Using environment variables in a flow’s Excel action

I had a scenario where a flow with an Excel connection had to be usable in different tenants. On top of this, ALM for the flow had to be based on managed solutions. That naturally means there’s no touching and editing the flow after it’s been imported. From the platform’s perspective, environment variables are a means of defining values that differ between environments and tenants. In this case, the Excel document residing in SharePoint site X in tenant 1 would have a different SharePoint site Y in tenant 2. A perfect use case for env vars and something that should be simple, right?

Env vars and Excel

First off, I have to acknowledge I’ve not used env vars with Excel before. I really try to avoid the Excel connector and its actions, and I’ve been fairly successful at this over the years I’ve worked with flow. Must be that CRM history of mine. I thought env vars for Excel would be a simple thing, but after a few tries, I looked for answers in the community. I couldn’t find anything fast and simple, so the output is this blog post. Hope it helps!

Excel – Add a row into a table

In my use case, I’m adding a row into a table in Excel. The action I’m going to use is thus Add a row into a table. Image 1 below displays the action as it would be set if the values of the different properties were constant.

Image 1. Using the Excel action for adding rows to a table when the values are constant.

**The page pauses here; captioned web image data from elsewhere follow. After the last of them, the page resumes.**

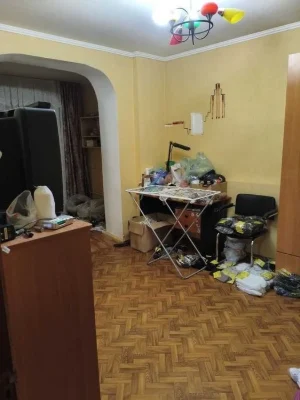 D1H 3-room apartment for sale on Krychivskoho Street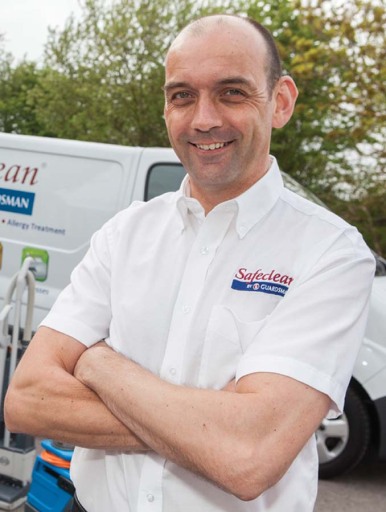 Jon Carlene - Your Local Safeclean Own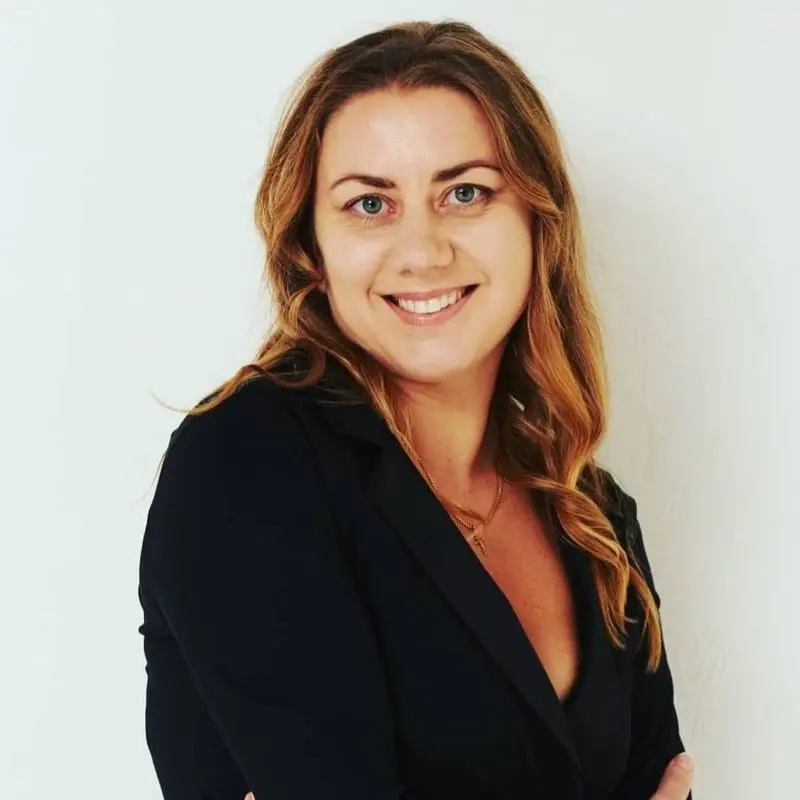 Olga Zemskova, advanced clinical massage therapist in Brighton & Hove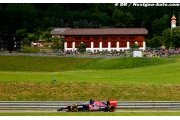Double abandon pour les Toro Rosso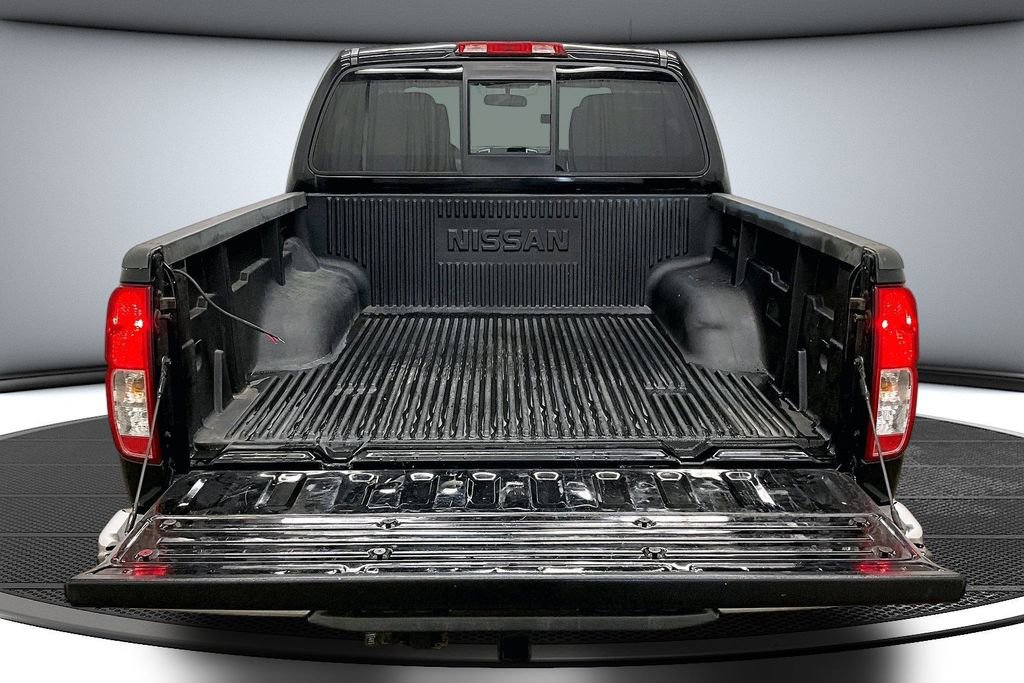 Used 2019 Nissan Frontier SV AWD/4WD image 7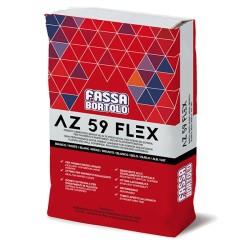 Mortier-colle mono-composant - AZ 59 FLEX Fassa Bortolo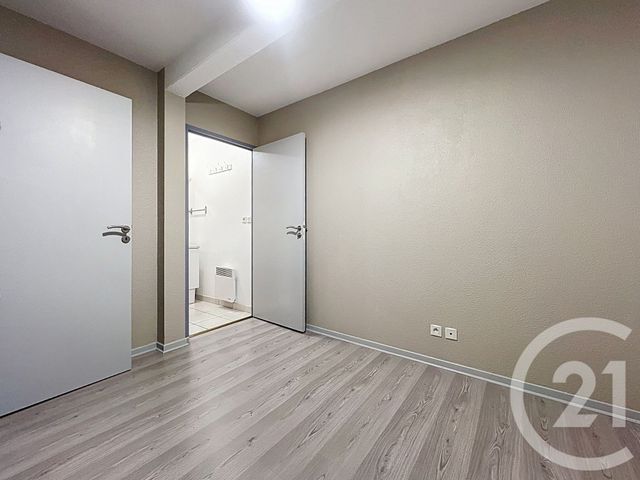 Appartement F2 à louer - 2 pièces - 34.6 m2 - NANCY - 54 - LORRAINE - Century 21 Joël Pierre Immobilier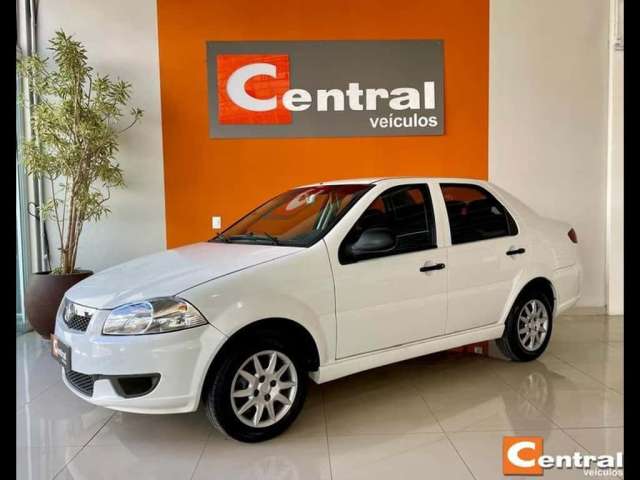 FIAT SIENA EL 2013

In my case, though, the values will change when the flow is moved to a different tenant. This means env vars come into play. Before we look at the env vars, let’s take a closer look at the properties in the action. They’re not as they seem! A terminology definition might be good here, too! Properties in the action are Location, Document Library, File, etc. Those properties are populated with values, which can be typed in manually or populated by adding dynamic content.

Using peek code (behind the three ellipses in the action’s top right corner), we can see the JSON schema for the action. Looking at the JSON object literal parameters, we can see that it has the following keys:

  • source
  • drive
  • file
  • table
  • item/Country (based on the trigger)
  • item/Capital (based on the trigger)
Image 2. Action’s JSON schema.

It turns out that Location = source, Document Library = drive, etc. The key values in the JSON are different than what are used as values for properties in the action when typing them in manually or using dynamic content. Example: The Document Library property’s value says Documents, but the drive property’s value has a GUID. I’m sure you’re already connecting the dots. When we use env vars, we need the values from the parameters JSON object literal’s keys as values in the env vars.

The env vars

Next, let’s look at the env vars themselves. When moving flows from one tenant to another, there’s no need to add any values to the env vars as the values are provided on import. Even when using managed solutions, env vars are designed in a way that they are healthy as unmanaged in production environments. In others words, they get a pass when assessing healthy ALM. Image 1 illustrates an env var with no values set before exporting the related solution as managed.

Image 3. Env vars without values before exporting the solution.

Importing to destination tenant

The final step in this use case is to import the managed solution to the destination tenant. But how do we get the values for the different properties (or keys if we’re talking JSON) from the destination tenant? Well, I created a dummy flow and used peek code just like in image 1. I then copied the values to VS Code and used them in env vars on import, as seen in image 4. There probably is an easier way to do this, but at least for me, this worked just fine.

Image 4. Setting env vars on import.

And that’s all there is to it. I’m left wondering how I’d handle a migration of 500 flows similar to this if I had to move them from one tenant to another. Or would I just run away? Maybe I’ll find out someday.

All my blog posts reflect my personal opinions and findings unless otherwise stated.